### Work instruction
Shown below are entries with pictures; the line with "Van Kampen - Flores" through the line with "数据来源：Wind，东海基金整理。注：橘色上涨、绿色下跌。" is the span to retype exactly, and the pictures stay out.

### Given data
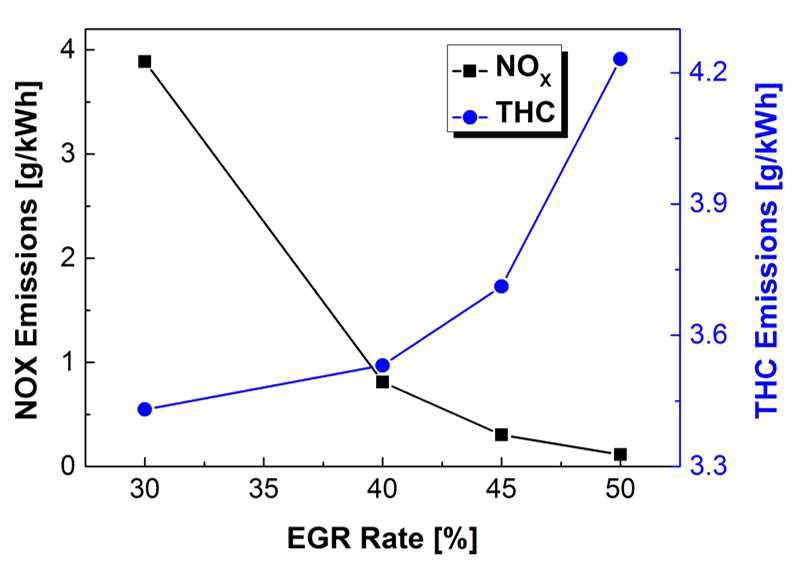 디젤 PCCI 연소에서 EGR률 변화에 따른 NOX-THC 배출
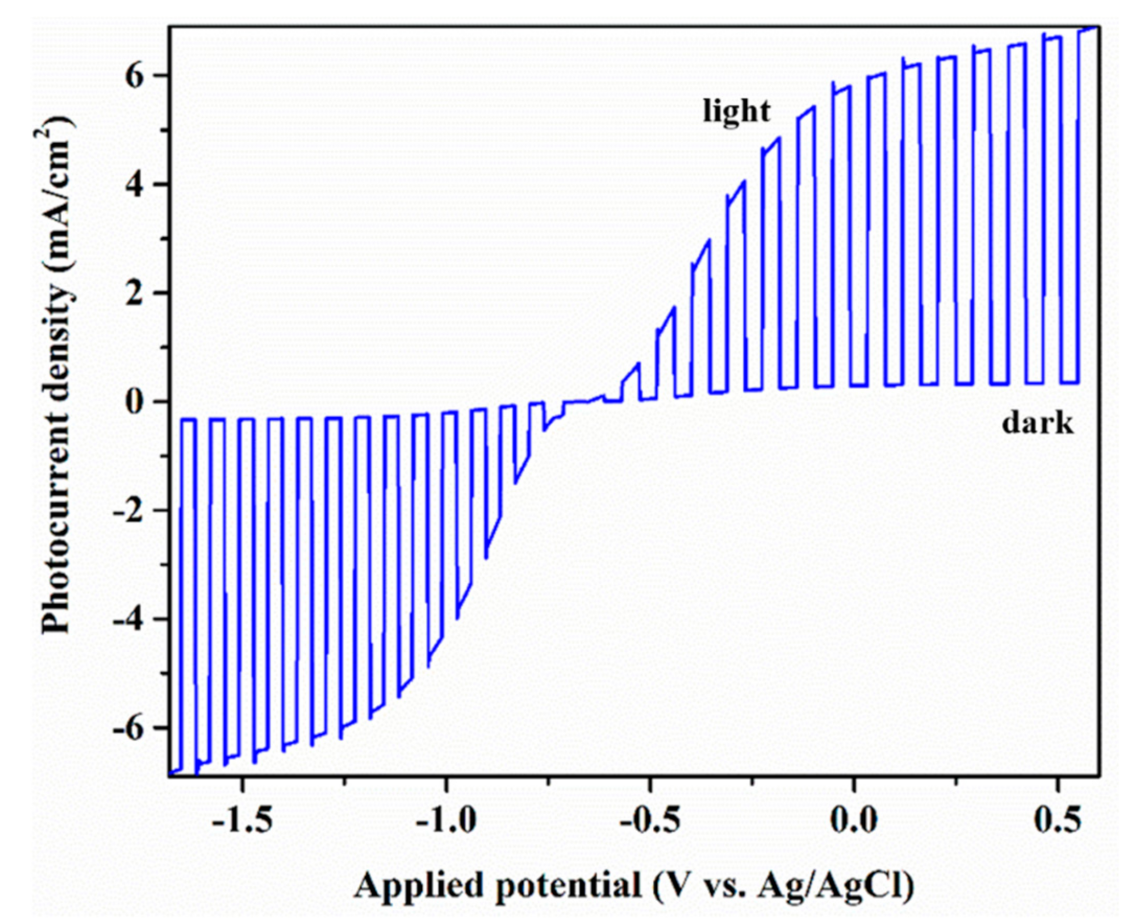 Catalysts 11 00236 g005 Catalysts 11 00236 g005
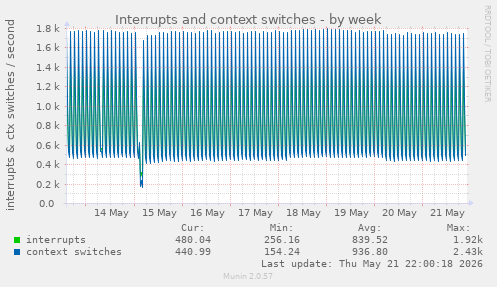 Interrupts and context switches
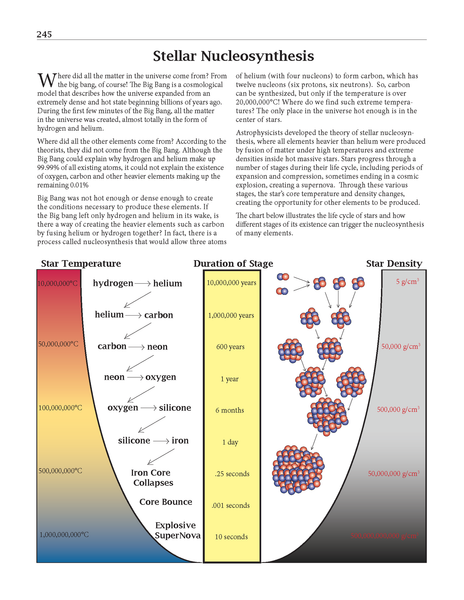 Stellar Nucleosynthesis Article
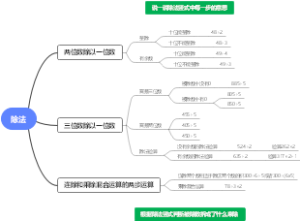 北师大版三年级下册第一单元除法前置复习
* * *
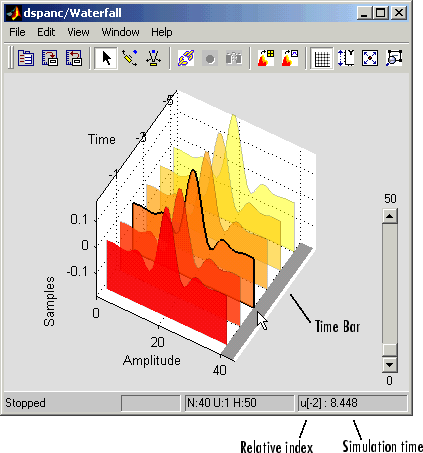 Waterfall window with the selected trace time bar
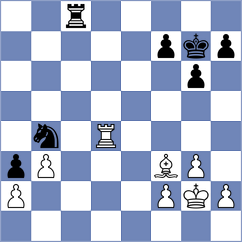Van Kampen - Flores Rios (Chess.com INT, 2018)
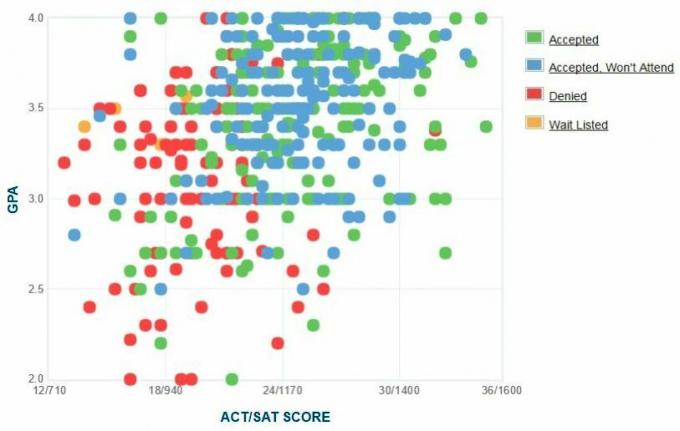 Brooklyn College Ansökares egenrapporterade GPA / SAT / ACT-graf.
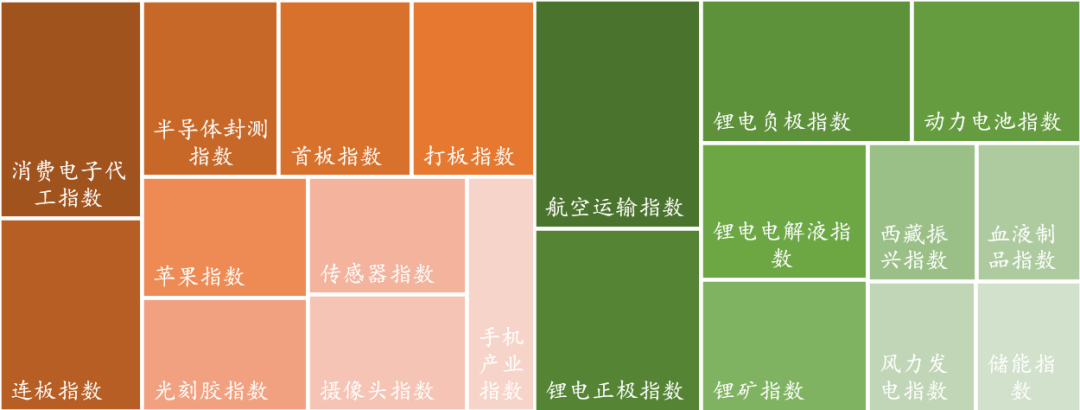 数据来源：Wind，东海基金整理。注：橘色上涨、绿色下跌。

### Exercise answer
Van Kampen - Flores Rios (Chess.com INT, 2018)
 Brooklyn College Ansökares egenrapporterade GPA / SAT / ACT-graf.
 数据来源：Wind，东海基金整理。注：橘色上涨、绿色下跌。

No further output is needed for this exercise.